After Richardson’s presentation, Maddox made a motion to accept the low bid, even though it wasn’t local, of $31,000, by Loganville-based Paul Kent Construction.
Oxford-based Outback Companies had a bid of $35,500, while Covington-based SteelCo Buildings had a bid of $35,650.
The bid covers the cost of the roof and its installation, as well as trim, gutters and downspouts.
The field is still set to have its grand opening in 2014, but Richardson said she didn’t know when construction would be completed.
Construction started in September 2012, and the facility was originally supposed to take eight to 12 months to complete, but rain has delayed work, Richardson said. However, labor is being provided by the Georgia Dept. of Corrections, so no extra costs are being incurred there.
Construction is estimated to cost a total of $1.63 million, with $1.5 million coming from the 2011 SPLOST – via a construction loan from Newton Federal Bank - $100,000 coming from a state grant, and $36,592 in other donations. Richardson previously said free labor would save between $500,000 and $700,000 in costs.
Not included in that total is a special-needs playground that will be paid for entirely by community donations. To date, Richardson said the playground has received $175,221 in donations.
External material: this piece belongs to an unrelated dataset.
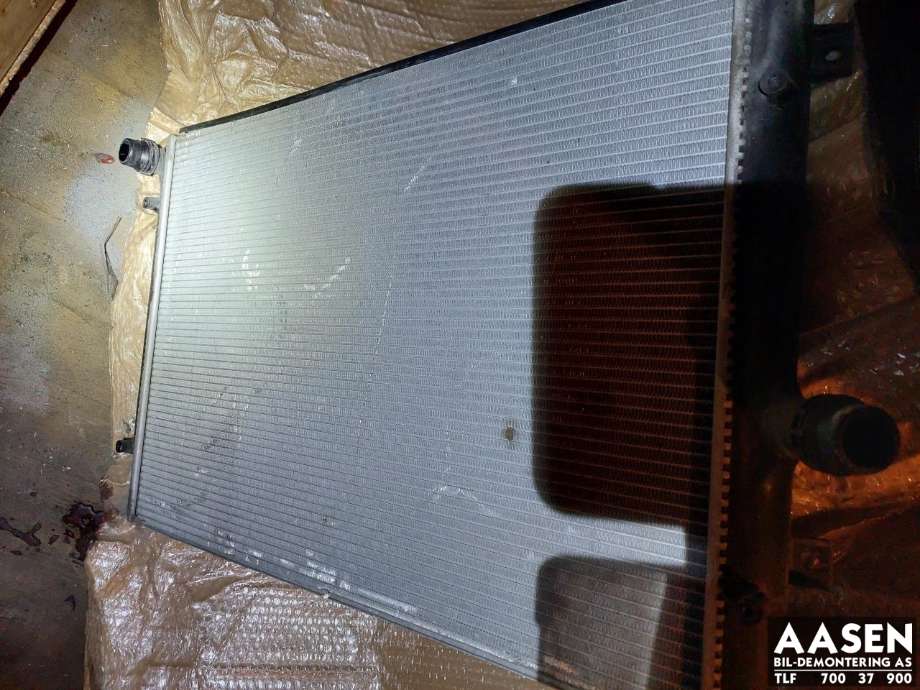 Radiator (manuell gir) til VW Golf VI 2008-2012  (VALEO|1K0 121 251 AB|)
The playground would be different from traditional handicapped-accessible playgrounds.
In addition, the project has received $491,107 in general donations since 2009.
Besides the Miracle League field, which is smaller than a traditional field, special-needs playground and concession and accessory buildings, other recreational baseball fields are planned if funding allows.
According to the Newton County School System, there are 2,538 special-needs children in local schools; however, Richardson has said previously the Miracle League field is expected to draw from a 60-mile radius, which would reach into surrounding counties.
While local companies haven’t worked on every aspect of the project, Richardson said $420,328 has been spent with Newton County-based businesses for the parking lot, landscaping, utility work, irrigation and other work. More money is expected to be spent locally in the future.
Several companies have also donated work to the project or given discounts on items, including utility infrastructure, stone, playground equipment and lighting. Several local restaurants have provided food, which is used to feed inmates every Thursday during construction.